WASHINGTON — To celebrate the cultural intersections of Asian Americans and Latinos, the two fastest-growing populations in the United States, the Smithsonian Asian Pacific American Center and the Smithsonian Latino Center are collaborating on a month-long series of activities, including three public programs and an innovative social media campaign.

The public programs begin July 24 with “Gourmet Intersections: Asian-Latino Food Crossings,” a lively discussion about the changing shape of shared food traditions in the home and in the restaurant industry. Panelists include Cristeta Comerford, White House executive chef; Trevor Corson, “Iron Chef America” judge and author; and Pati Jinich, host of the PBS show “Pati’s Mexican Table.” The program will be moderated by Anupy Singla, cookbook author and founder of “Indian as Apple Pie.”
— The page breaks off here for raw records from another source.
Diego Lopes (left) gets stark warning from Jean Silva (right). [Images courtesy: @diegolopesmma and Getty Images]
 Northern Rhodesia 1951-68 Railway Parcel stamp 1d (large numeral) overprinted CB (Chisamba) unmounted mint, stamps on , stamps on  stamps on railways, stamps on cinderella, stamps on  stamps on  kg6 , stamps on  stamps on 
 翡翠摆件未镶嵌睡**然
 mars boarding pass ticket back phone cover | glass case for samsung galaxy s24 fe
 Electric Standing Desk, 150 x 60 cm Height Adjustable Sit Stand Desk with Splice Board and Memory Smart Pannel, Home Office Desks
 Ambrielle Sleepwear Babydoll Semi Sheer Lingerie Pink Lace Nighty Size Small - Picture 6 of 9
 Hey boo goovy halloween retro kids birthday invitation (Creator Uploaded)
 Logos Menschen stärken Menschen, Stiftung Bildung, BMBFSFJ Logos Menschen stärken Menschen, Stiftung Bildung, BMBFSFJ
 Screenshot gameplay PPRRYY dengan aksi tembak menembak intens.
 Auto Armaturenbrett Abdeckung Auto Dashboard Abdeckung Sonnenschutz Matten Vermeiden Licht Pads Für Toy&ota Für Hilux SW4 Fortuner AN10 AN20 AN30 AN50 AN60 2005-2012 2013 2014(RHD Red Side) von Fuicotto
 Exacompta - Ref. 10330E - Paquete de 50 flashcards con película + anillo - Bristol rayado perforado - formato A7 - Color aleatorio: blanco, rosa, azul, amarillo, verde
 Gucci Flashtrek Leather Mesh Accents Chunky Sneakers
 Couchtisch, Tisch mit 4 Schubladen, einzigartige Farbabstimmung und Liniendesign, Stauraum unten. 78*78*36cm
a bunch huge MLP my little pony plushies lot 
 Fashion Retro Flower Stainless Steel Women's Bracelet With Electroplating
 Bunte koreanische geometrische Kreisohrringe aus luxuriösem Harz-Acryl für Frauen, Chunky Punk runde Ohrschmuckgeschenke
This program is sold out, but the public may view the event live via a webcast at http://bit.ly/apawebcast. The webcast will go live at 6:45 p.m. (local time) the evening of the event.

Next in the series is the two-day program “Art Intersections: An Asian-Latino Pop-up Gallery” (Aug. 6-7), which will project the visual stories of Asian-Latino shared culture onto the canvas of downtown Silver Spring, Md. Home to a diverse range of immigrant communities, Silver Spring is the perfect site to explore how cultures overlap with and change one another.

The festival also features a social media campaign running through July and early August that creates a national visual experience of Asian-Latino intersections in food. The campaign is gathering images, video and links to stories of how food traditions chart, preserve and reimagine shared cultural identities. The campaign also features a microsite (http://gourmetintersections.com) highlighting a different Korean/Asian American taco truck in seven to10 cities. The public may also visit http://apa.si.edu/asianlatino/ for more information on all festival activities.

In the 1960s, Los Angeles-based sushi chef Ichiro Mashita experimented by substituting fatty tuna with avocado, an ingredient rooted in Mexican cuisine. Thus, the California roll was born. (Photo by Andrew Ciard)

Following are detailed descriptions of each component of the festival.

• “Gourmet Intersections” through Aug. 9. A group of “all-star” guest posters — food bloggers, chefs, restaurateurs, food truck entrepreneurs and food scholars — via Facebook, Twitter and a special “Korean Food Truck Microsite” — are building a social media map of Asian-Latino food cultures, telling shared stories through food. The microsite includes a page for each truck featuring a narrative description, a spotlight on how each truck is made unique by its regional location, the communities it serves and its particular blending of Asian and Latino food and food cultures.

• “Gourmet Intersections: Asian-Latino Food Crossings” on July 24 at the Rasmuson Theater, National Museum of the American Indian. “Asian-Latino Fusion” has been a popular restaurant industry concept for more than two decades. But Asian and Latino food cultures have a much longer and richer history of intersection, stretching from the farm to the home table, from the mercado to the food truck. This panel discussion considers Asian-Latino food traditions through a broad lens, tracing connections across a range of histories, geographies and cultures.

• “Art Intersections: Asian-Latino Pop-up Gallery,” Aug. 6 and 7 from 8 to 10 p.m. at Veterans Plaza in Silver Spring. Asian-Latino intersections frequently emerge in urban spaces, and so street art is often the visual record of these connections — and a way of reimagining the shapes and boundaries of cultures and cities alike. The shows will be staged in downtown Silver Spring and will feature work and curation by a range of celebrated artists exploring Asian-Latino intersections, including Eric Nakamura, Shizu Saldamando, Lalo Alcaraz, Adriel Luis, Albert Reyes, Ana Serrano, Clement Hanami, kozyndan, Favianna Rodriguez, Mia Nakano, Steve Alfaro, Studio Revolt and Monica Ramos.

Filipino tacos, Punjabi tostadas, and sushi burritos are part of the Bay Area’s Asian-Latino food map.